The output of the convolutional layer or pooling layer (whichever is last), may be fed into a first fully connected layer in the fully connected layers. There may be multiple fully connected layers in the CNN. Each neuron in the first fully connected layer receives the output of the convolutional layer or pooling layer as input and processes the input via weights and an activation function as discussed above. The output of the first fully connected layer may be passed to the next fully connected layer, and so on until an output layer is reached. There may be fewer number of neurons in each subsequent fully connected layer than in the preceding layers. Further, each fully connected layer may have the same or different activation function.
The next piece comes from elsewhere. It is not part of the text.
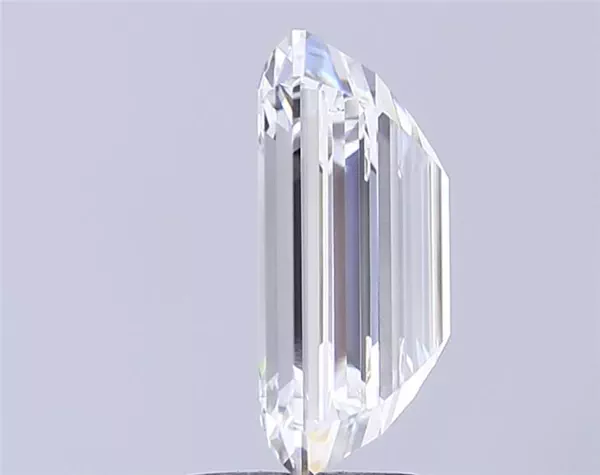 3.61 Carat · E · VVS2 Rare Carat Ideal Cut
The output layer, which may be a classification layer or a softmax layer may receive the output of the last fully connected layer and generate prediction 408, as discussed above.

Loss prediction module 404 may receive prediction 408 and determine whether prediction 408 is correct with respect to images 406I or ground truth image 406G. In particular, images 406I or ground truth image 406G may include labels that identify images 406I, 406G that include and do not include die mispicks. Loss prediction module 404 may compare prediction 408 to the labels of images 406I or ground truth images 406G and identify whether prediction 408 correctly classified images 406I or ground truth image 406G, as well as the cost of error. To determine the cost of error, loss prediction module 404 may use a cost or loss function (e.g., a binary, a categorical, such as ReLU cost function, etc.) associated with a type of classification. As the AI model 402 is trained over multiple iterations of input images 406I and ground truth image 406G, loss prediction module 404 attempts to minimize the cost of error using a back propagation algorithm.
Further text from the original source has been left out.